TASK TO COMPLETE ▸
Pictures are to be left out. Return exactly the lines below from the one with "Let's talk about" up to and including the one with "Welcome back everyone.".

[Stored items]
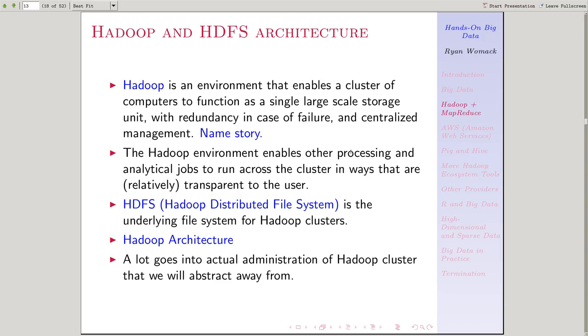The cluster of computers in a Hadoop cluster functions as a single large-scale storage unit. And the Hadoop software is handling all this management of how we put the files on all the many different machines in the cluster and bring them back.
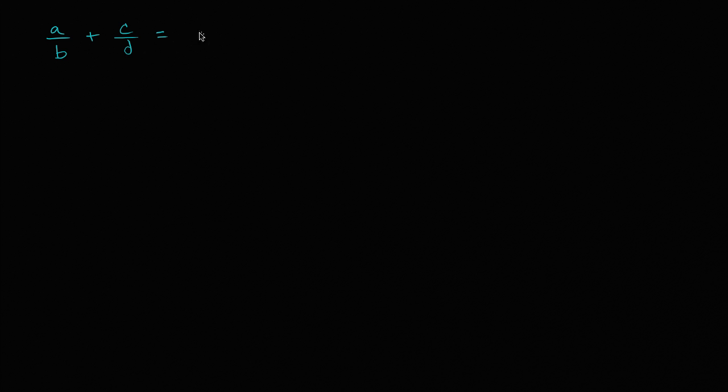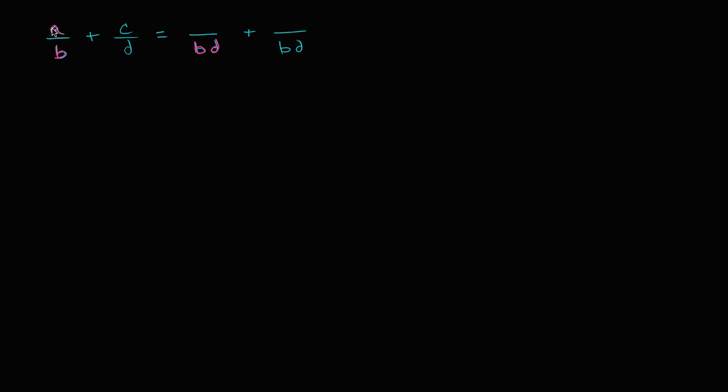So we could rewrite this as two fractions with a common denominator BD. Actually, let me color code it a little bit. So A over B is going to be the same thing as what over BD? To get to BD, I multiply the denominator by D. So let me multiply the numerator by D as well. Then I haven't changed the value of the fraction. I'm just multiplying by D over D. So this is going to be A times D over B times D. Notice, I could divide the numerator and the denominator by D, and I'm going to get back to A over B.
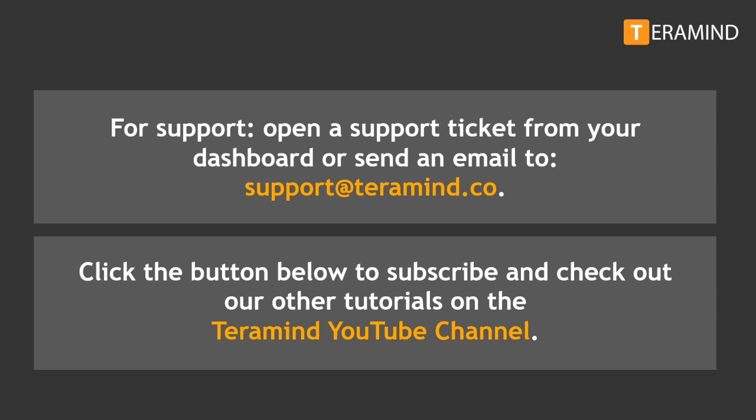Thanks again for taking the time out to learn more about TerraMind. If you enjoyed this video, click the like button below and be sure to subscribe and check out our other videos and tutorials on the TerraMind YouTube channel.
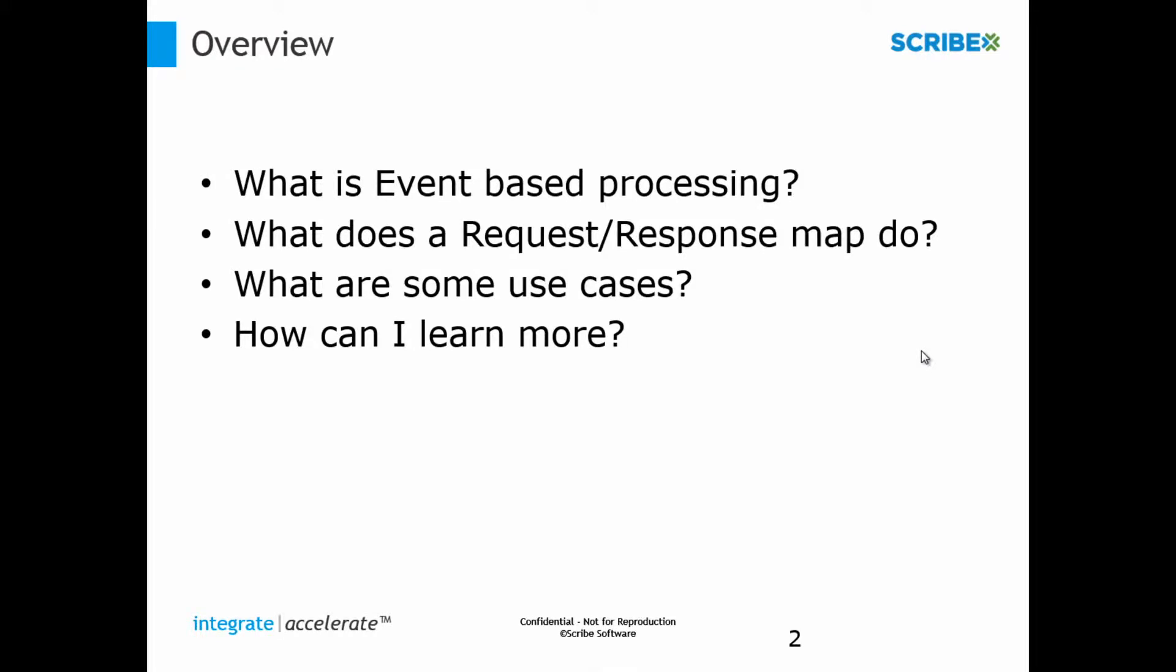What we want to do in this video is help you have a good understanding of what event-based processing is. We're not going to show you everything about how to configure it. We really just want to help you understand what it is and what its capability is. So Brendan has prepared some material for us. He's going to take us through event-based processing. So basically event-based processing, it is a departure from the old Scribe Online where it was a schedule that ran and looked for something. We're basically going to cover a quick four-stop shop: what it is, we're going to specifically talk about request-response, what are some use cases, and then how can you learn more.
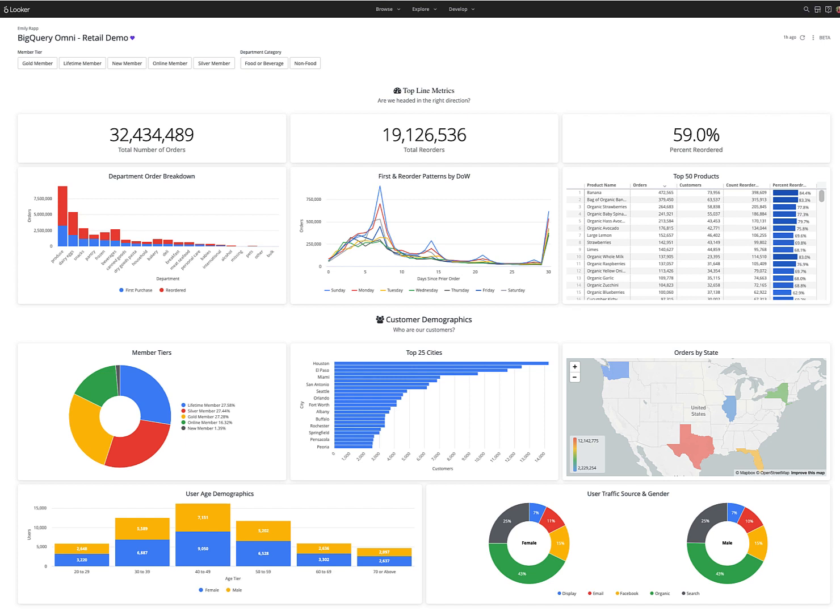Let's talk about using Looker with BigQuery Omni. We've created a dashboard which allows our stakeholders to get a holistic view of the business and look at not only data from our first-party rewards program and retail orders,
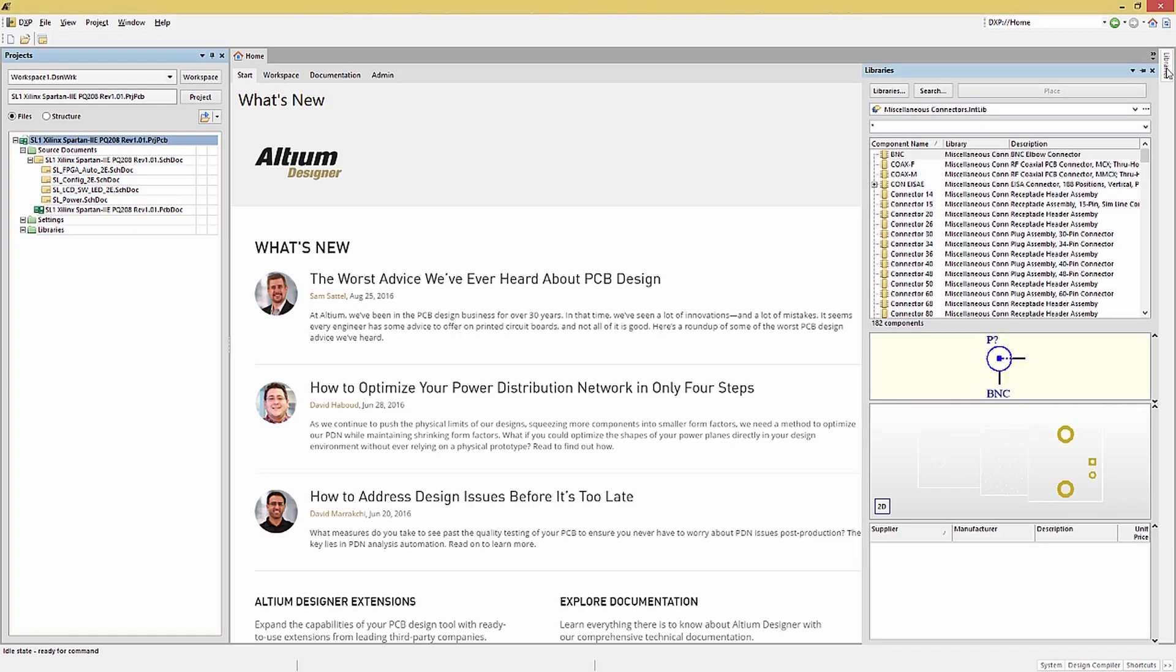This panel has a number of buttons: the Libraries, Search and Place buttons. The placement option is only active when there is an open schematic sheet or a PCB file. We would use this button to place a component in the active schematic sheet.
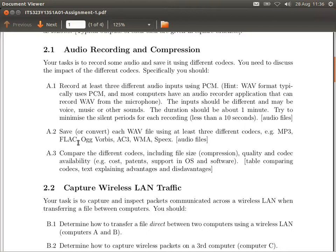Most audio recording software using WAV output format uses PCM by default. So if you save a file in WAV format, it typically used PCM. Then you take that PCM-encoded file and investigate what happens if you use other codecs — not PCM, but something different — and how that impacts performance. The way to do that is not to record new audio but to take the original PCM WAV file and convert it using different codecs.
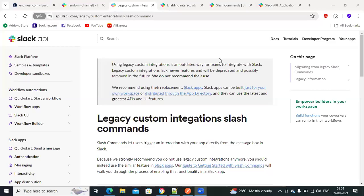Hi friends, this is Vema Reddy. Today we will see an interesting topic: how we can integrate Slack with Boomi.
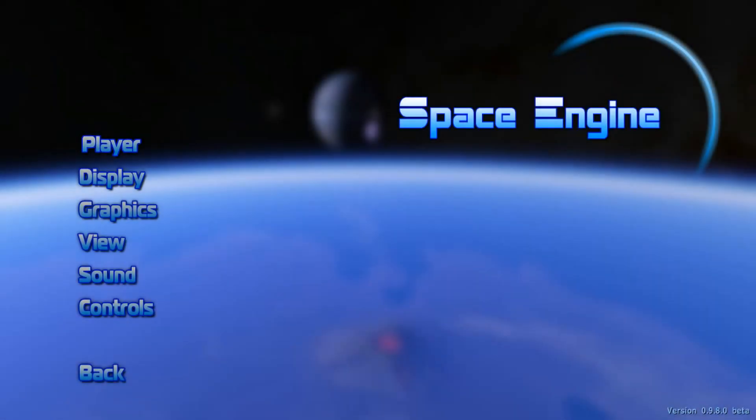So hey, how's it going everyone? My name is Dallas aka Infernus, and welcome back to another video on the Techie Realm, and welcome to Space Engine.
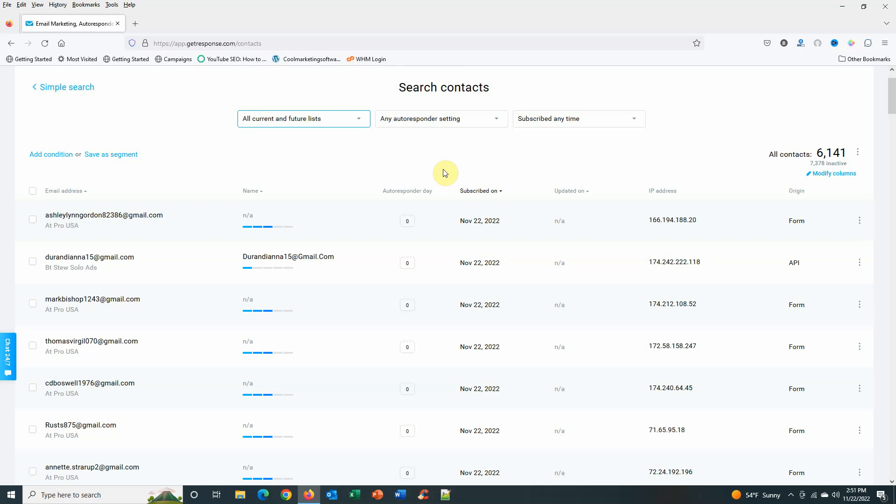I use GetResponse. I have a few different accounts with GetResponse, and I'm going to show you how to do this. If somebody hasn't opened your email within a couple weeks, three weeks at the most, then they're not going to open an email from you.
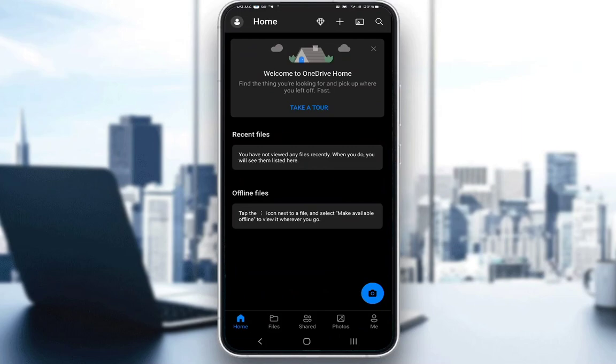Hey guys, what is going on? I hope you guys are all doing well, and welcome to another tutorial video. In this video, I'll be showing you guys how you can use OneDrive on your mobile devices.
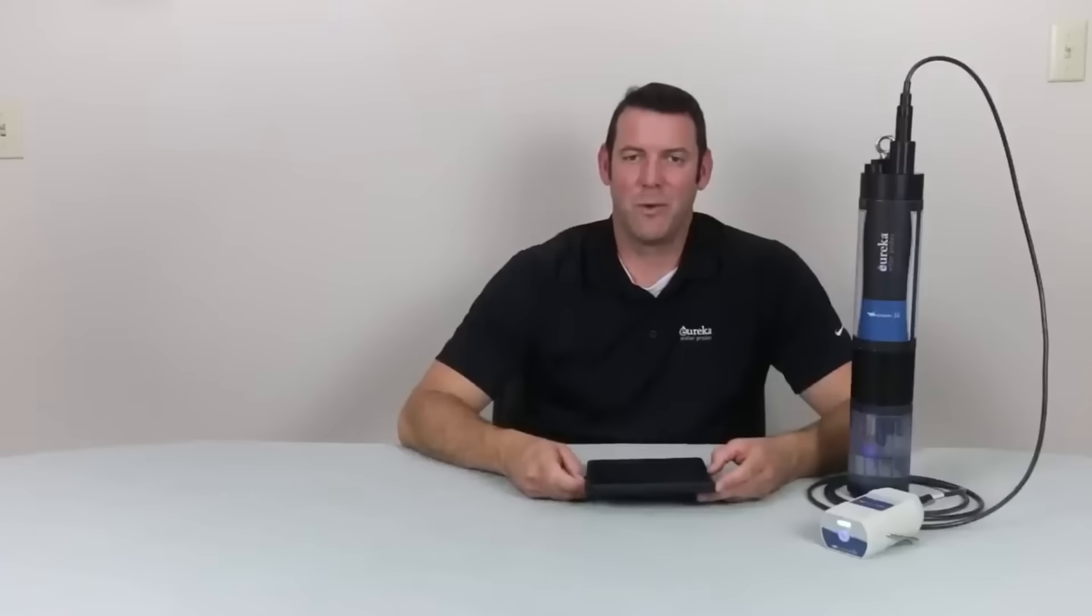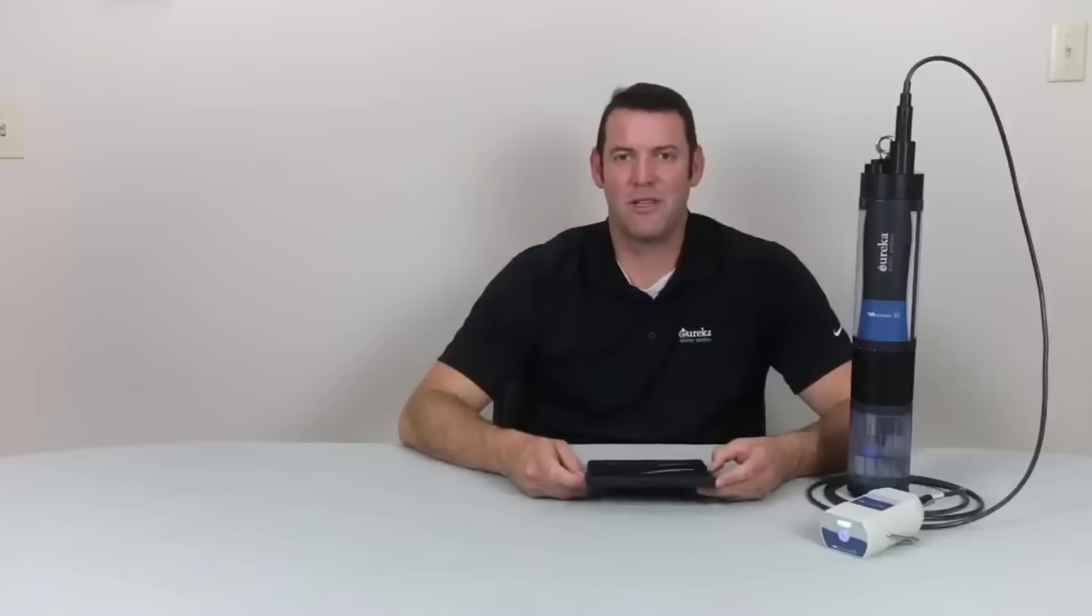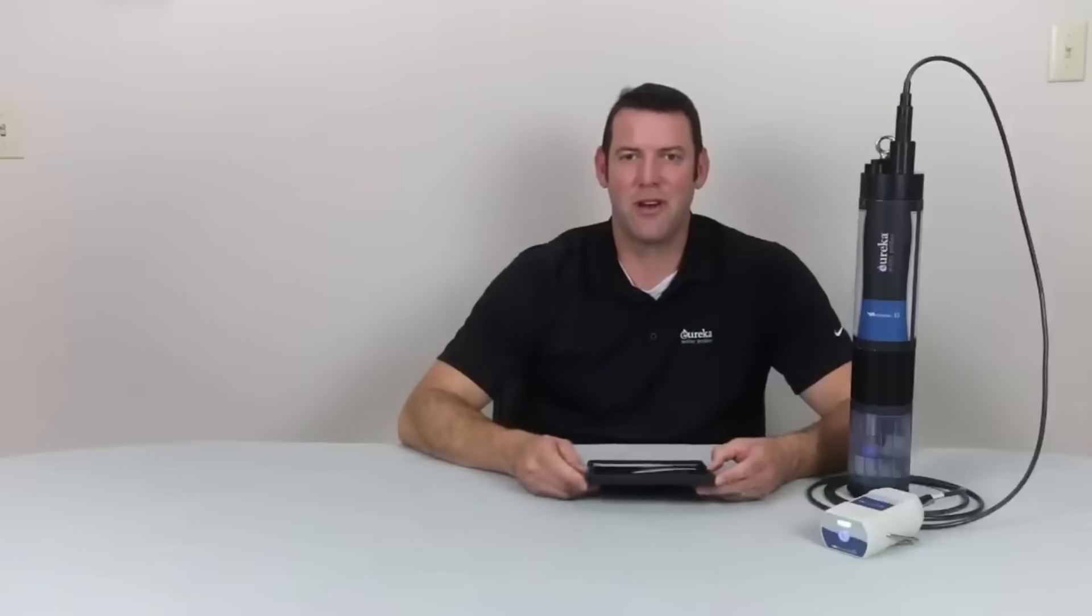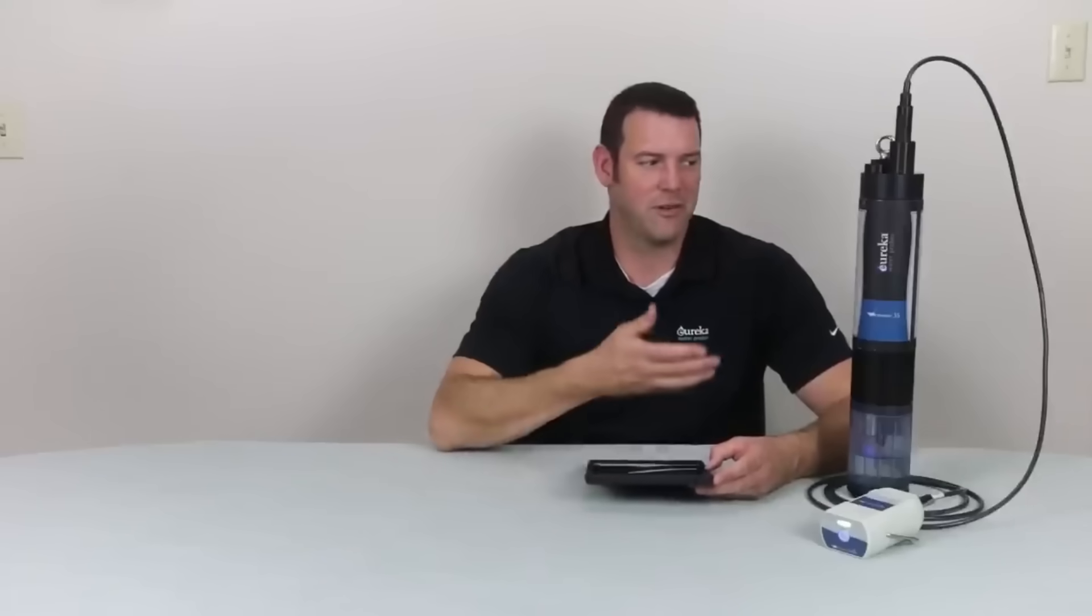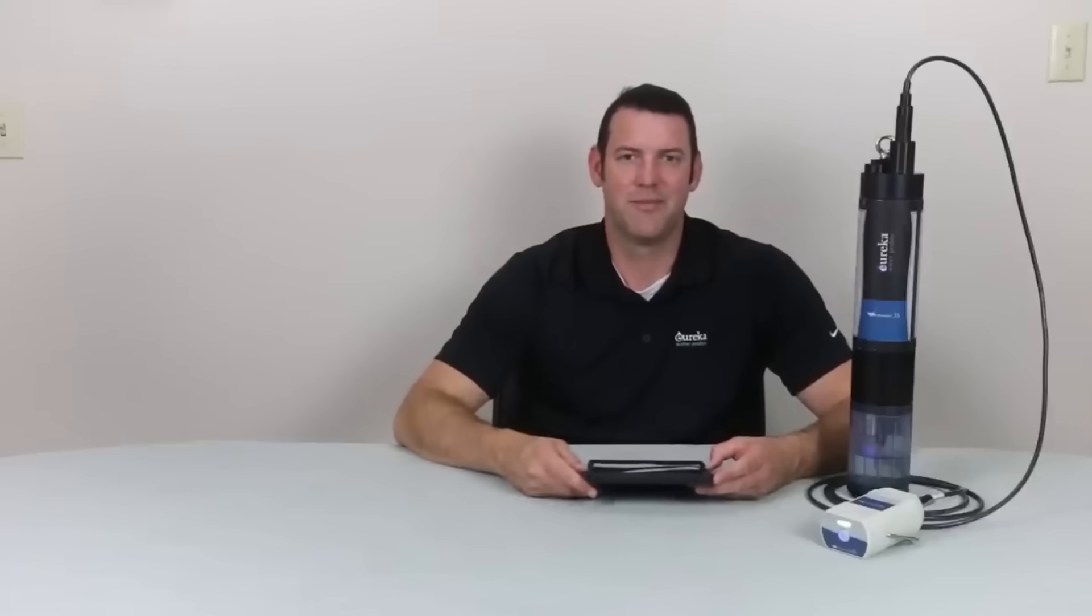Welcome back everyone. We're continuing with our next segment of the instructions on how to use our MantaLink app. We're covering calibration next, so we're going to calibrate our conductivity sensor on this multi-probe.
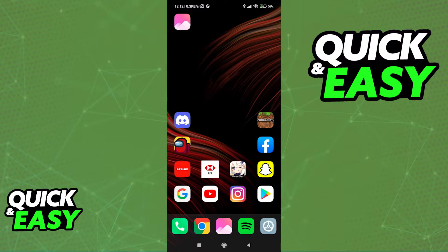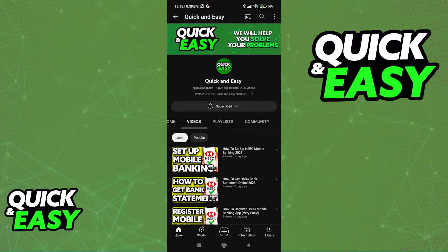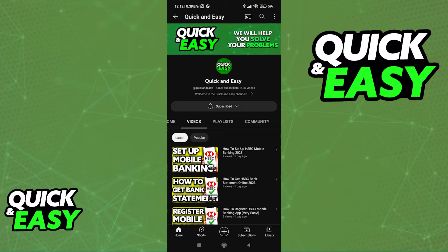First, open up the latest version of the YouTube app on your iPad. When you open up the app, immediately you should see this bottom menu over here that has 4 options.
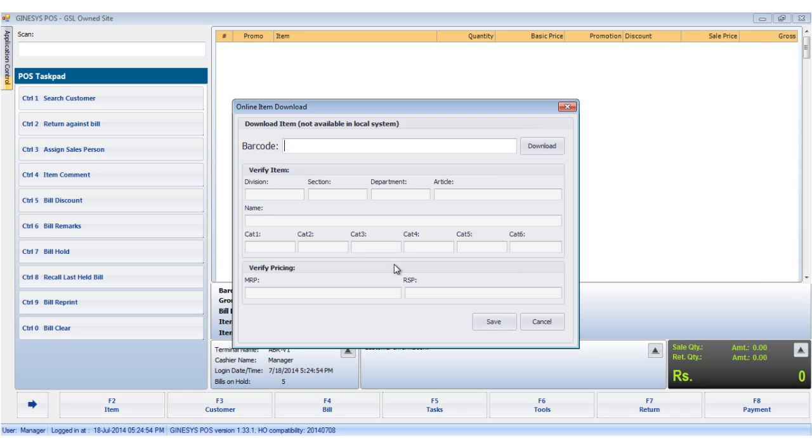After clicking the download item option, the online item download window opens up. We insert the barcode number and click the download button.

RESULT OF THE TASK ▸
Let's talk about using Looker with BigQuery Omni. We've created a dashboard which allows our stakeholders to get a holistic view of the business and look at not only data from our first-party rewards program and retail orders,
This panel has a number of buttons: the Libraries, Search and Place buttons. The placement option is only active when there is an open schematic sheet or a PCB file. We would use this button to place a component in the active schematic sheet.
Most audio recording software using WAV output format uses PCM by default. So if you save a file in WAV format, it typically used PCM. Then you take that PCM-encoded file and investigate what happens if you use other codecs — not PCM, but something different — and how that impacts performance. The way to do that is not to record new audio but to take the original PCM WAV file and convert it using different codecs.
Hi friends, this is Vema Reddy. Today we will see an interesting topic: how we can integrate Slack with Boomi.
So hey, how's it going everyone? My name is Dallas aka Infernus, and welcome back to another video on the Techie Realm, and welcome to Space Engine.
I use GetResponse. I have a few different accounts with GetResponse, and I'm going to show you how to do this. If somebody hasn't opened your email within a couple weeks, three weeks at the most, then they're not going to open an email from you.
Hey guys, what is going on? I hope you guys are all doing well, and welcome to another tutorial video. In this video, I'll be showing you guys how you can use OneDrive on your mobile devices.
Welcome back everyone. We're continuing with our next segment of the instructions on how to use our MantaLink app. We're covering calibration next, so we're going to calibrate our conductivity sensor on this multi-probe.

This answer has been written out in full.